Targeted distribution systems whose use is possible in the present state of the art generally make use of a conversion of an analog signal, representing stimuli to be transmitted, into a digital data signal. Said conversion is usually followed by an encoding of said data in order to reduce the volume as far as possible without thereby in any way causing this data to suffer significant deterioration. The encoded data is designed to be transmitted by packets according to standardized transmission protocols such as the Internet IPv4 or IPv6 protocols. It has to be recognized however that, although these packet transmission protocols offer considerable advantages, which is what has made them successful, they are intrinsically a source of deterioration caused by the inevitable loss of certain data packets. Furthermore, whatever the chosen encoding technique, the goal would be a compression that cannot be obtained except by eliminating certain characteristics, deemed to be superfluous, of the stimuli to be encoded. Such compression would inevitably generate losses which could have a negative impact on the perception that a recipient will have of the stimuli transmitted to him in encoded form.
Now an individual who, for example, has subscribed to a service for the supply of audiovisual programs will be contractually entitled to expect a minimum level of quality of the images and sounds that are transmitted to him or her, so that a provider of this supply service would have to ensure that such demands are properly met. This cannot be achieved except by carrying out a relevant evaluation of the quality of the stimuli which will be restored to the recipient after transmission. This evaluation would have to be done in taking account of the specific human features of this recipient's faculties of perception.
Various methods have already been elaborated in the past for the separate evaluation of a quality of a signal carrying a stimulus such as a moving picture or a sound. These methods make use for example of a group of persons each of whom has to be exposed to said stimulus and is then requested to assign a grade representing its quality as this person would have perceived it. However, such methods require major logistics and are therefore costly to implement since they require that persons should be brought together in a controlled environment such as a test laboratory in a number sufficient so that a statistical mean of the grades assigned is effectively representative of a mean perception. Furthermore, such methods cannot be used for real-time measurement of quality as perceived by a subscriber at the reception of a stream of stimuli that he would have commanded, so that these methods are not adapted as such to quality control applications in the above-described systems for the targeted distribution of information.
It has also been noted, in the implementation of such methods, the perception that certain types of deterioration could have an impact, on the perception of a person, that cannot be totally decorrelated from a chronological context in which such a deterioration was made to occur. Among other harmful effects, a loss of one or more data packets could cause a discontinuity taking the form of a break in the fluidity of video sequences or a break in a sound signal.

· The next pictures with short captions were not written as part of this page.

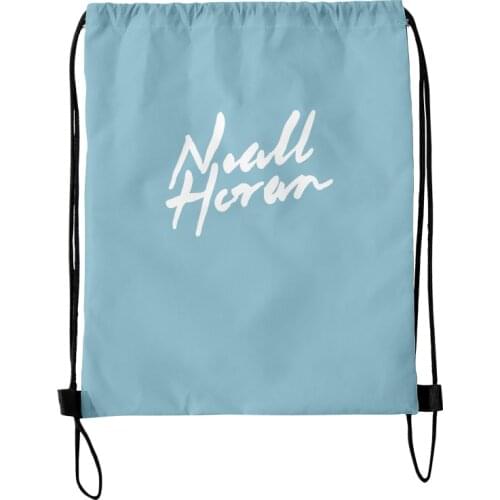 Niall Horan Fashion Style Student Shoulder Storage Bag Drawstring Travel Beach Backpack Toys Shoes Clothes Organizer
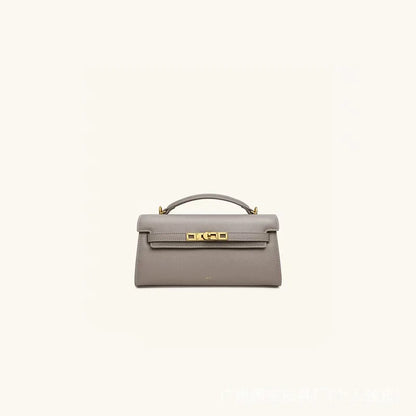 Crocodile Pattern Top Handle Satchel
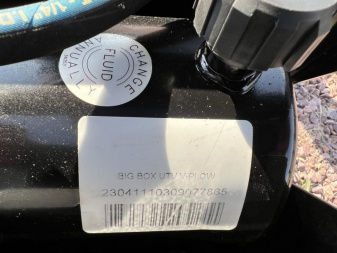 New 2024 Snow Ex 8.6HDV Other Snow Plow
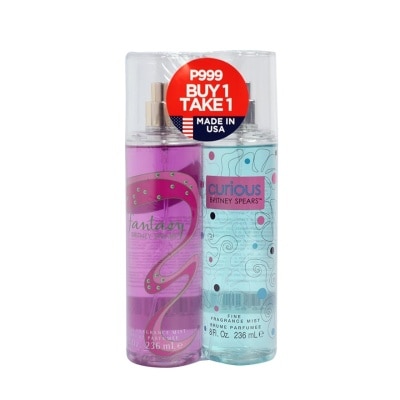 BRITNEY SPEARS BRITNEY SPEARS Curious & Fantasy Mist 236ml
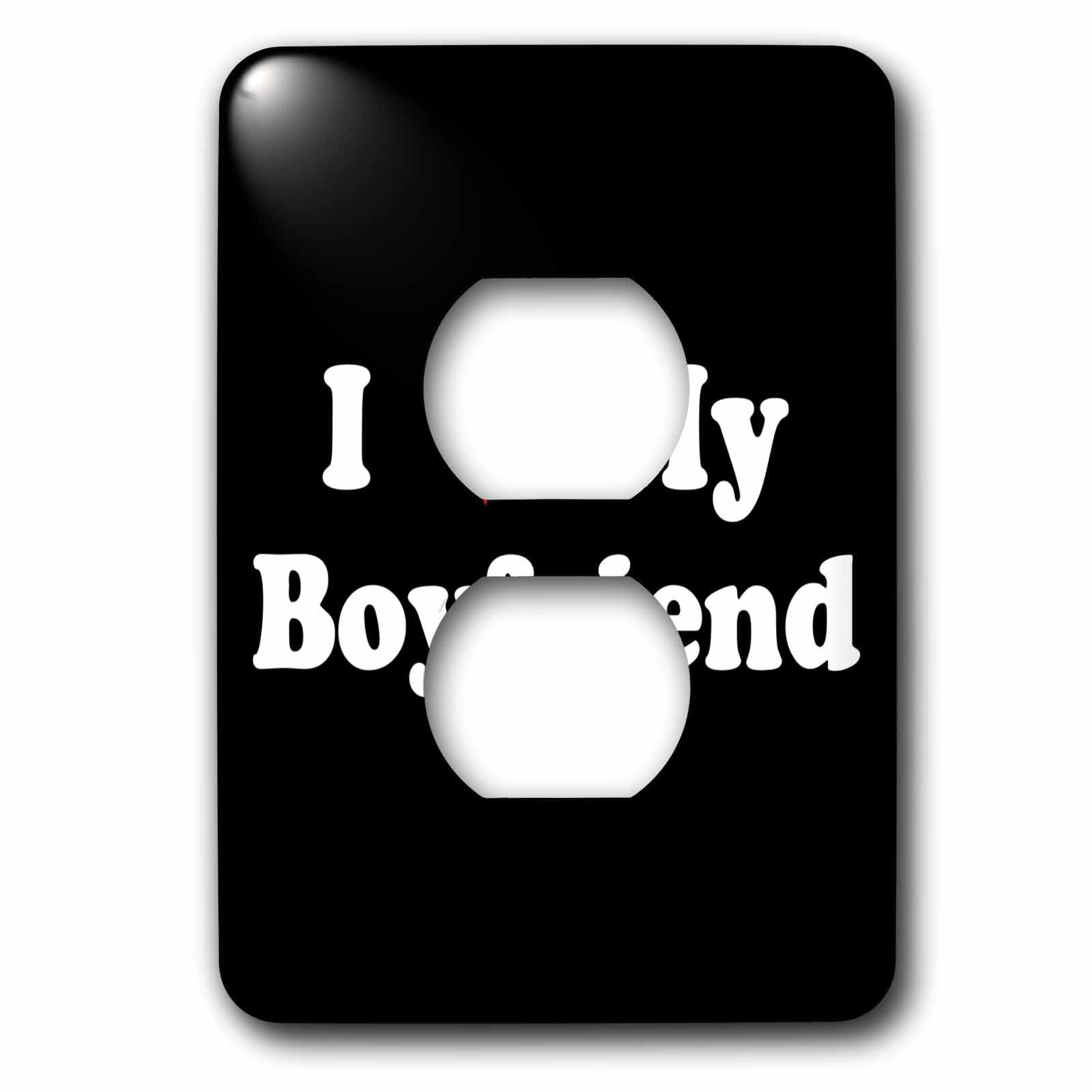 I Love My Boyfriend 2 prises - Exprimez votre amour au quotidien à travers la décoration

This is because, in the event of interruption or appearance of delays in a stream of data packets received by a reception decoder, a receiver usually provides a restoration in a loop of a same stimulus defined by data contained in a buffer memory included in this receiver, so that this stimulus will then be essentially invariant unto the new data packets enable a new stimulus to be reconstituted.
It has been observed that the impact of such discontinuity on the perception of the quality of a stimulus that a person exposed to this stimulus would have would be made to vary as a result firstly of the duration of this discontinuity and secondly of the number of discontinuities having previously affected this same stimulus and therefore having also been previously observed by this same person.
An article “FRAME DROPPING EFFECTS ON USER QUALITY PERCEPTION” published in a report of a WIAMIS conference in Lisbon in April 2004 thus proposes a method of automatic computation of a measurement quantity specifically intended to represent the impact, as perceived by a person exposed to a video signal, that would be produced by discontinuities in a data stream representing this video signal. This method enables the quantifying of a combination of the effects, firstly, of a unitary deterioration caused by each discontinuity and depending on the duration of this discontinuity and, secondly, a possible accumulation of such discontinuities.
The work by the inventors however has shown that a poor impression felt by a person exposed to an invariance of a stimulus depends not only on the duration of this invariance and possible preliminary invariances but also on the conditions in which the invariance disappears to the benefit of a resumption of a normal running of the exposure to the stimulus. This tends to show that the approach described here above is not entirely satisfactory.